All tools used in this workshop are developed by CASOS: AutoMap has been applied by multiple groups and across different domains and languages to perform a variety of Natural Language Processing techniques, to extract concepts, semantic networks, and meta-networks, and to infer beliefs from texts. Unique features include full user control over semantic units, machine learning based models for various Natural Language Processing routines such as entity extraction, and sentiment inference techniques.

CEMAP is a software tool that enables the user to extract social networks from email meta-data.

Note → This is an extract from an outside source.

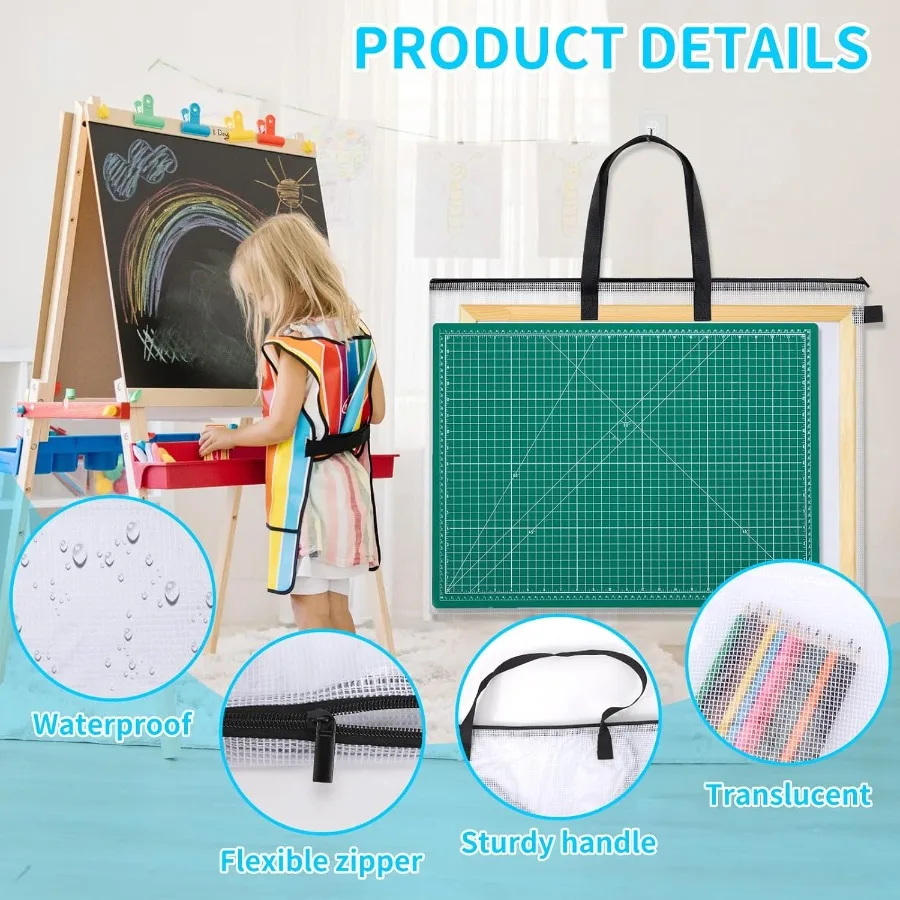 Estuche de portafolio de arte de 25x19 pulgadas, tabla de almacenamiento, bolsa de portafolio de arte con asa, carpeta de almacenamiento con cremallera para tablón de anuncios Po, 3 uds.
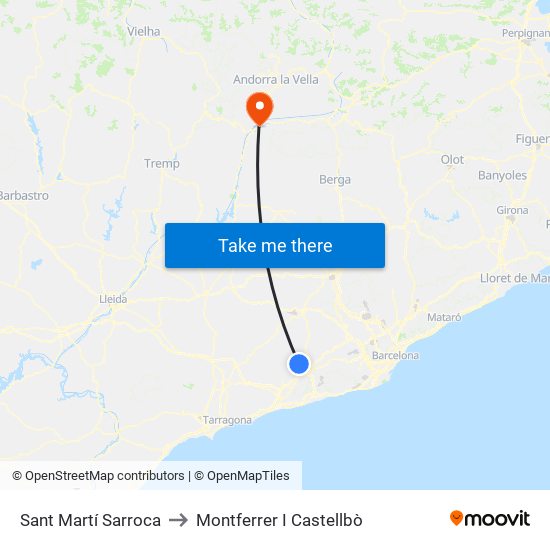 Sant Martí Sarroca to Montferrer I Castellbò map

ORA is a widely used network science package that facilitates the examination of networks and their spatio-temporal dynamics at multiple levels. Unique features include the ability to handle multi-mode, multi-plex, and multi-level networks as well as both small and very large networks, 2D and 3D visualization, attribute and network statistics, change detection, network simulation, and the display of networks on maps.

Who Should Attend?
Those who are interested in text mining and the extraction of relational data from texts should attend. The material and its delivery is suitable for researchers and practitioners, alike. This is designed to be a non-technical workshop, however, by its very nature, the material will involve some mathematics, although this will be minimized as the delivery is driven towards forming an understanding the practice of using AutoMap, CEMAP, and ORA.

Topics Include:
Text Mining and Natural Language Processing: Content analysis, Extraction of semantic networks (one-mode networks) and meta-networks (multi-mode networks) from texts

Social and Dynamic Network Analysis

AutoMap and ORA software

Computer Equipment:
The software presented in this tutorial is Windows operating system based. Mac users should user virtual PC. All participants, if possible, are asked to pre-load the AutoMap from the CASOS website – http://www.casos.cs.cmu.edu/projects/automap/ and the *ORA software from the CASOS website – http://www.casos.cs.cmu.edu/projects/ora/. Participants are invited to bring their own laptops. Nevertheless, participants not able to bring a Windows-based laptop computer to the sessions are welcome to participate, and will still fully benefit from the workshop. The software will be screen-projected to the group as a live walk-through demonstration. Participants will be provided with a data CD containing installers for the software, sample data, and manuals; and will be guided through software installation and subsequent hands-on usage.
Sunbelt XXXI - February 08 to February 13, 2011 - Trade Winds Beach Resort http://www.tradewindsresort.com/ St. Pete Beach
Abstract : Extraction and validation of socio-technical network data about the Sudan from text corpora
In 2005, the Government of Sudan and the Sudan People's Liberation Movement (SPLM) signed a Comprehensive Peace Agreement. In 2011, Southern Sudan will hold a referendum regarding its independence from Northern Sudan. Network data representing interactions in this socio-technical system during this six year time period can help us to understand the development of culture and conflicts in this region. Since such data is hard to collect through classic methods such as surveys, we use Relation Extraction methods to approximate network data from publically available news coverage on Sudan. We will report on how we utilize theoretically grounded, lexicalized features and feedback loops with subject matter experts to adjust our relation extraction technology to this domain. This technology uses a model that we trained via supervised machine learning, the classifier used for that are Conditional Random Fields. We will present our results from analyzing the retrieved socio-technical network that comprises tribes, issues and resources.